Há ao menos mais nove execuções confirmadas, que podem acontecer a qualquer momento. Uma delas é a de um outro jogador de futebol, Amir Nasr-Azadani, acusado de envolvimento na morte de dois integrantes do Basij e de um policial. Como nos demais casos, organizações humanitárias dizem que o julgamento dele foi irregular.

Pelo menos 200 morreram nos protestos em andamento no país, marcados pela violência, de acordo com as autoridades iranianas. A estatística oficial contrasta com as estatísticas de grupos de direitos humanos estrangeiros, que calculam que o número de mortes ultrapasse 450.

Por que isso importa?

Nos últimos meses, protestos populares tomaram as ruas do Irã após a morte de Mahsa Amini, uma jovem de 22 anos que visitava Teerã, capital do país, quando foi abordada pela “polícia da moralidade” por não usar “corretamente” o hijab, o véu obrigatório para as mulheres. Sob custódia, ela desmaiou, entrou em coma e morreu três dias depois.

Os protestos começaram no Curdistão, província onde vivia Mahsa, e depois se espalharam por todo o país, com gritos de “morte ao ditador” e pedidos pelo fim da república islâmica. As forças de segurança iranianas passaram a reprimir as manifestações de forma violenta, com relatos de dezenas de mortes.

No início de outubro, a ONG Human Rights Watch (HRW) publicou um relatório que classifica o regime iraniano como “corrupto e autocrático”, denunciando uma série de abusos cometidos pelas forças de segurança na repressão aos protestos populares.

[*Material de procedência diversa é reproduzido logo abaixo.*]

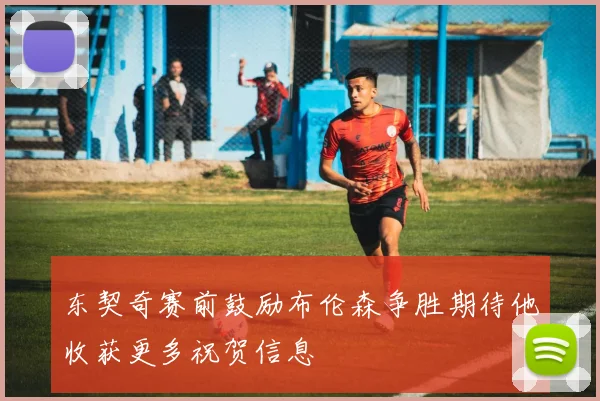 东契奇赛前鼓励布伦森争胜期待他收获更多祝贺信息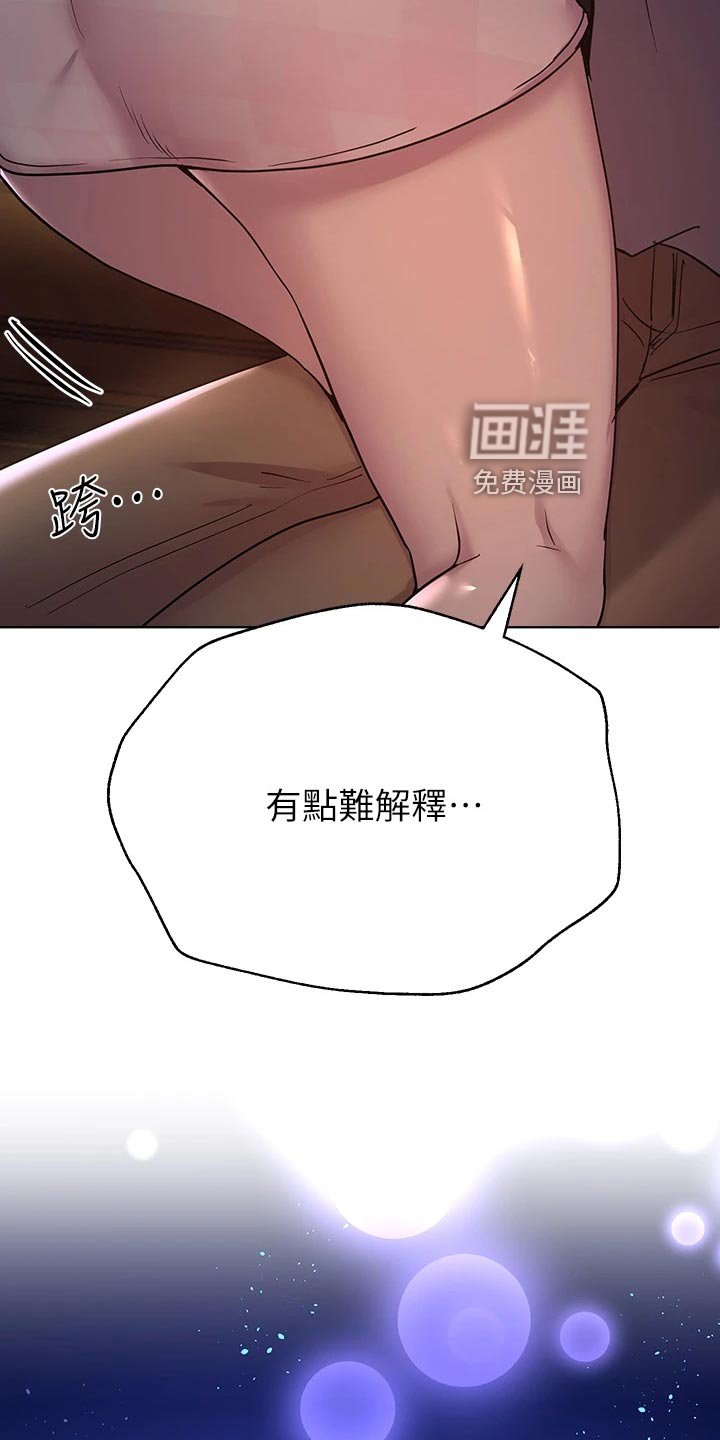 第29章：游戏高手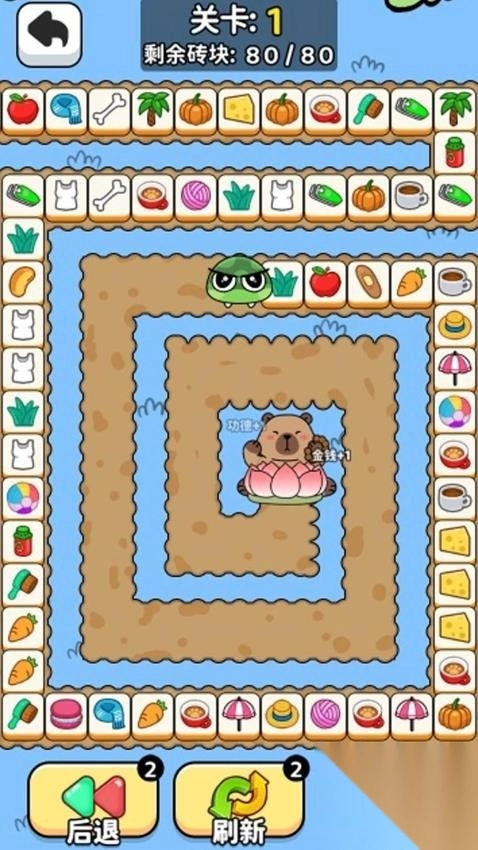 砖块消除专家-图3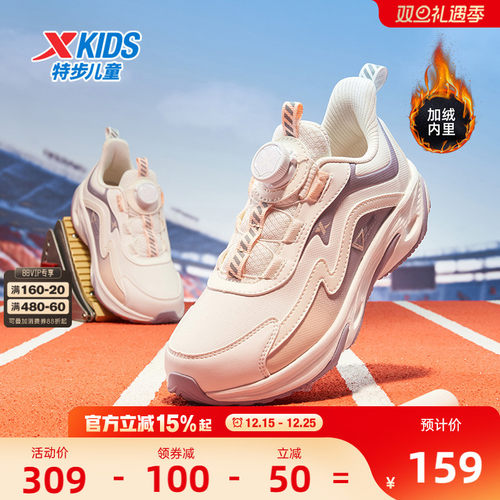 瞬影特步童鞋秋冬新款儿童软底跑步鞋子女童跑鞋旋转扣大童运动鞋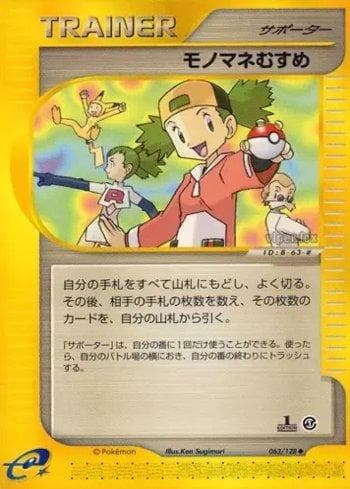 Carta Copycat (063/128) do set Base Expansion Pack — Pokémon TCG | Bynx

De acordo com dados divulgados pela ONG Ativistas de Direitos Humanos do Irã (HRAI, na sigla em inglês), ao menos 503 pessoas morreram nas mãos de agentes estatais até o dia 19 de dezembro, entre elas 69 crianças. A entidade diz ainda que 18.452 pessoas foram detidas pelas autoridades sob a acusação de participar dos protestos.

Além dos mortos e feridos, a HRW cita os casos de “centenas de ativistas, jornalistas e defensores de direitos humanos” que, mesmo de fora dos protestos, acabaram presos pelas autoridades. Condena ainda o corte dos serviços de internet, com plataformas de mídia social bloqueadas em todo o país desde o dia 21 de setembro, por ordem do Conselho de Segurança Nacional do Irã.